Bulan ramadhan bagi sebagian besar orang Indonesia, lebih akrab disebut dengan bulan puasa. Hal ini menandai bahwa puasa memang menjadi titik sentral bagi umat muslim dalam beraktifitas di bulan ramadhan. Padahal, ada satu lagi rukun Islam yang tak kalah pentingnya yaitu; zakat. Puasa dan zakat merupakan bagian rukun Islam yang diharuskan dikerjakan pada bulan ramadhan. Dari titik inilah, saya mencoba menggambarkan skema besar dari Islam dalam memberikan keharusan ritual yang memiliki makna yang cukup besar. Namun sangat disayangkan, usaha-usaha untuk menggali nilai yang tersirat itu semakin tidak popular. Sebaliknya, lebih banyak umat muslim yang hanya terpaku menjalankan ritual dengan sekaligus menghancurkan sistem nilai yang ada dalam ritual tersebut. Salah satu contohnya adalah puasa yang mengajarkan kita untuk sederhana dan merasakan kehidupan bagi orang-orang yang kekurangan, namun dalam menjalankan ibadah puasa malah kita larut dengan keborosan-keborosan untuk urusan meja makan saat berbuka dan sahur. Fenomena inilah yang membuat harga  bahan-bahan pokok melambung ketika menjelang dan selama puasa akibat tingginya permintaan saat ramadhan.

Belajar dari Bulan

Dalam tradisi Islam, bulan memiliki makna yang cukup suci. Hal ini dapat kita lihat dari simbolisasi atas Islam selalu dikaitan dengan bulan (dan bintang). Kubah masjid, bendera kesultanan Turki (dan banyak lagi negara muslim yang menggunakan bulan dan bintang), serta di Indonesia partai Islam dari Sarekat Islam, Masyumi, sampai PKS, menggunakan simbol bulan sabit. Dalam pemaknaan sederhana bulan sabit dan bintang adalah simboliasasi atas Al-Qur’an dan Sunnah, dua pegangan umat Islam dalam kehidupannya. Selain dalam pembahasan simbol, bulan juga merupakan titik pembeda kalender Islam dengan kalender Barat (masehi), karena dalam kalender hijriah bulanlah yang menjadi patokan pergantian waktu. Dengan demikian makna bulan memiliki dua padanan kata dalam bahasa arab yaitu qomar (bulan dalam ranah astronomi) dan syahrul (bulan dalam hitungan waktu), yang dalam bahasa Indonesia kerap dipersamakan.

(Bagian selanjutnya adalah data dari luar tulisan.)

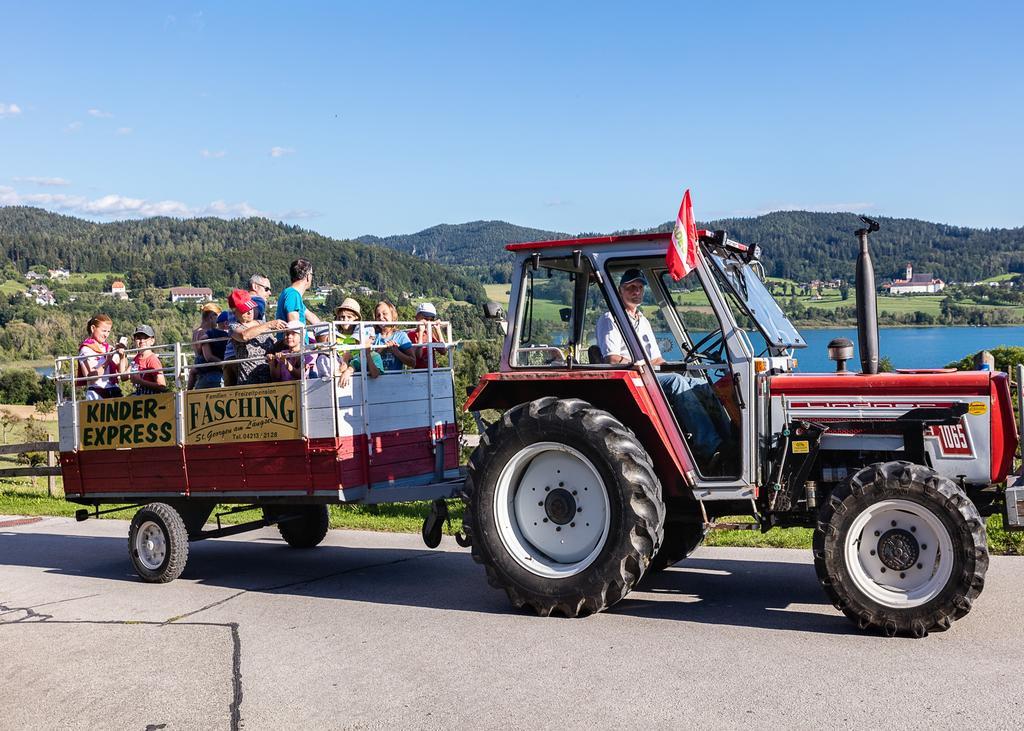 Sankt Georgen am Längsee Hotel Fasching מראה חיצוני תמונה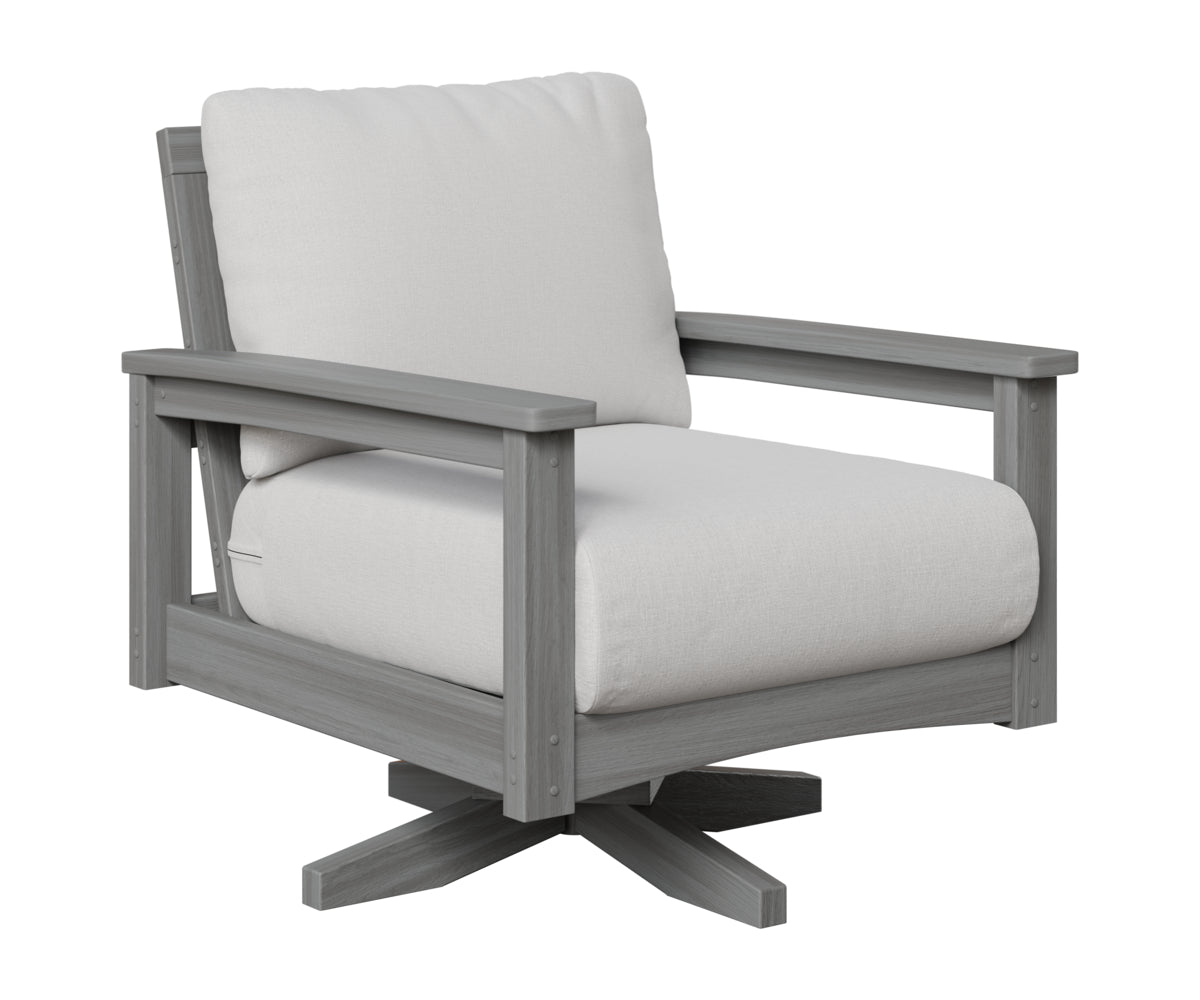 Camden Swivel Rocker (Mayhew Cushions)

Dari titik itu, munculah renungan dalam melihat karakteristik bulan (dalam hal ini qomar). Apalagi Allah telah memerintahkan kita untuk mengamati alam raya sebagai sarana mengagungkan Sang Empunya. Sebagaimana surat Ali Imran ayat 190-191 yang artinya : “Sesungguhnya di dalam penciptaan langit dan bumi silih bergantinya malam dan siang terdapat tanda – tanda bagi orang yang berakal, yaitu orang yang mengingat Allah sambil berdiri, duduk, berbaring, dan mereka memikirkan (tafakur) penciptaan langit dan bumi, seraya berkata “Ya Tuhan kami tiadalah Engkau menciptakan ini dengan sia-sia, Maha Suci Engkau, maka peliharalah kami dari siksa neraka.”.

Dalam kajian fisika kita akan mengetahui bahwa bulan merupakan satelit dari pelanet yang kita huni ini; bumi. Dengan begitu, ia selalu mengelilingi bumi tanpa henti. Namun jika ditilik lebih lanjut, ternyata bulan memiliki tiga gerakan. Gerakan yang pertama adalah rotasi, dalam hal ini bulan berputar pada porosnya, uniknya gerakan rotasi bulan berbarengan dengan rotasi bumi. Kedua, adalah gerakan revolusi bulan terhadap bumi. Dalam aktifitasnya berotasi, bulan sebagai orbit dari bumi melakukan gerakan mengelilingi matahari. Pengaruh dari gerakan revolusi ini adalah berubahnya bentuk bulan dalam setiap waktu. Hal ini dikarenakan bulan tidak memiliki sumber cahaya sendiri, namun hanya memantulkan cahaya dari matahari. Ketiga, adalah gerakan revolusi bulan terhadap matahari. Sebagai konsekwensi perannya sebagai satelit bumi, tentunya bulan juga beriringan bersama bumi bergerak mengelilingi matahari.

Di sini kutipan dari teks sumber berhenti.